В основе честняковского театра лежало умение художника видеть мир в движении, во всем находить что-то живое, что может двигаться или что можно заставить двигаться, говорить и тем самым развивать действие, доводя его до логического завершения. Кроме того, Ефим Васильевич обладал богатым даром импровизации, свойственной актеру, умел общаться со зрителем, втянуть его в свою игру. Свобода мышления, сообразительность и находчивость, живость фантазии — самые необходимые компоненты импровизационного искусства — позволяли ему быстро развернуть действие и заставить людей играть вместе с ним.

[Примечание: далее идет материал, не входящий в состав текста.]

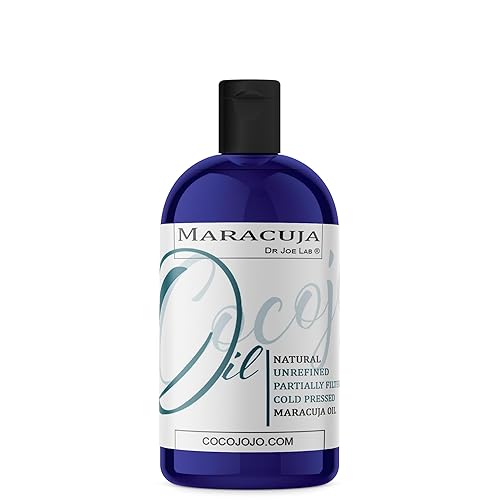 Dr Joe Lab Aceite de maracuja puro, sin refinar, parcialmente filtrado, prensado en frío, sin OMG, aceite portador de semillas de maracuyá – 16 oz –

Позже об этой своей работе, в которую он вкладывал много физических сил и души своей, он полушутливо написал:
Фим трудился многи годы,
Окруженный хором муз,
И носился по народу
С грузами своих искусств...
На рождество, на масленицу и во время других земледельческих обрядов в деревне устраивали ряженье, в котором тоже присутствовали зачатки театрализованной игры, использовался костюм, грим. Наряжались кто медведем, кто лисицей, кто обезьяной, принимали облик бытовых персонажей, например, старика и старухи. По рассказам очевидцев, Честняков любил одну из старых святочных масок — ряженье цыганом.

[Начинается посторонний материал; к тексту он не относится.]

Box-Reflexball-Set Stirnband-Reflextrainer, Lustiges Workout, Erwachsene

Особенно любили в деревне колядовать с Ефимом. Нина Андреевна Румянцева, которая девчонкой участвовала во всех «затеях» Ефима, рассказала о том, как проходила коляда. «Всех нас, бывало, обредит (именно так произносили в Шаблове) в костюмы, личинки (так назывались у нас маски). Первая девочка одета была как солнышко — в цветной широкой юбке, с короной на голове. Всем Ефим давал музыкальные инструменты: дудки, свистульки разные, свирельки. И сам играл на гуслях, колокольцах, гармошках разных. Мы шли, пели и плясали, приходили на чей-нибудь двор и прославляли его хозяев». А начиналась коляда так:
Коляда, коляда,
Вот пришла коляда,
Ко Ивану на двор,
Ко Васильевичу...
Славили хлеб:
И веселый — млад и стар,
И несется песня вдаль...
Славу хлебу поем,
Хлебу честь воздаем...
Семье желали сказочного урожая, большого стада, богатства и радостей. А в конце по старинному обычаю просили награды за славу:
Но не просит коляда
Да ни пива, ни вина,
По яичку со двора,
По пряженичку...
Сестра Е. Честнякова с сыном Володей, вторая сестра Татьяна и крестьянская девочка Аня Дроздова (слева направо). Фото Е. Честнякова.

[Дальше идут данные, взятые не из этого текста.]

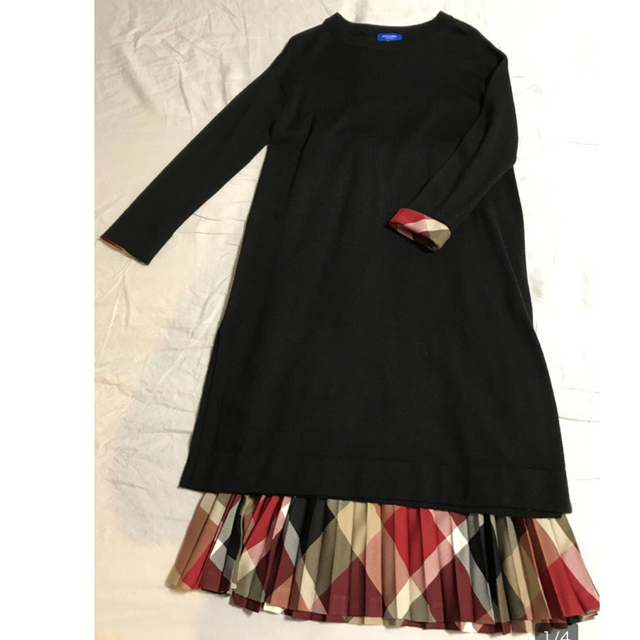 ブルーレーベルクレストブリッジ ニットセットアップ36 レディース ワンピース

Шабловский гулянок. Фото Е. Честнякова.
Пожалуй, одно из самых поэтичнейших полотен Честнякова — его «Коляда». Первая часть картины воспроизводит сам обряд, а вторая — сценки труда, отдыха крестьян, картинки изобилия и праздника — те самые пожелания, с которыми участники коляды обращаются к хозяевам дома. В ярких народных характерах художник передал деревенский дух веселья.
В обрядах Честняков видел истоки творчества народа. В них люди выражали себя, свою любовь к земле, природе, друг к другу. Поэтому к теме обряда художник обращался постоянно. Целая серия его графических и живописных работ отражает крестьянскую свадьбу, которая с древнейших времен разыгрывалась согласно определенному ритуалу — потому и говорим мы «играть свадьбу» — и была она очень близка театральному действу. Как бы по действиям разыгрывает ее художник и в своих работах. Из живописных сохранились «Крестьянская свадьба», «Свахонька, любезная, повыйди, повыступи...» и «Ведение невесты из бани».
...Вся деревня встречает свадебный поезд жениха и невесты. Им поют величальные песни, дарят цветы и подарки:
К ним лошадок подводили,
В тарантас их посадили,
Кони лихо понеслись,
Колокольцы залились,
И в деревню приезжают,
Их с почетом здесь встречают,
Говорят уж все про них:
Вот невеста и жених...
Кроме жениха и невесты, основными персонажами на свадьбе были сваха и дружка. В ритуал входили приговоры дружки, обращенные к гостям или, как у Честнякова, к свахе. «Свахонька, любезная, повыйди, повыступи, по полу по тесовому, ко мне, дружке веселому».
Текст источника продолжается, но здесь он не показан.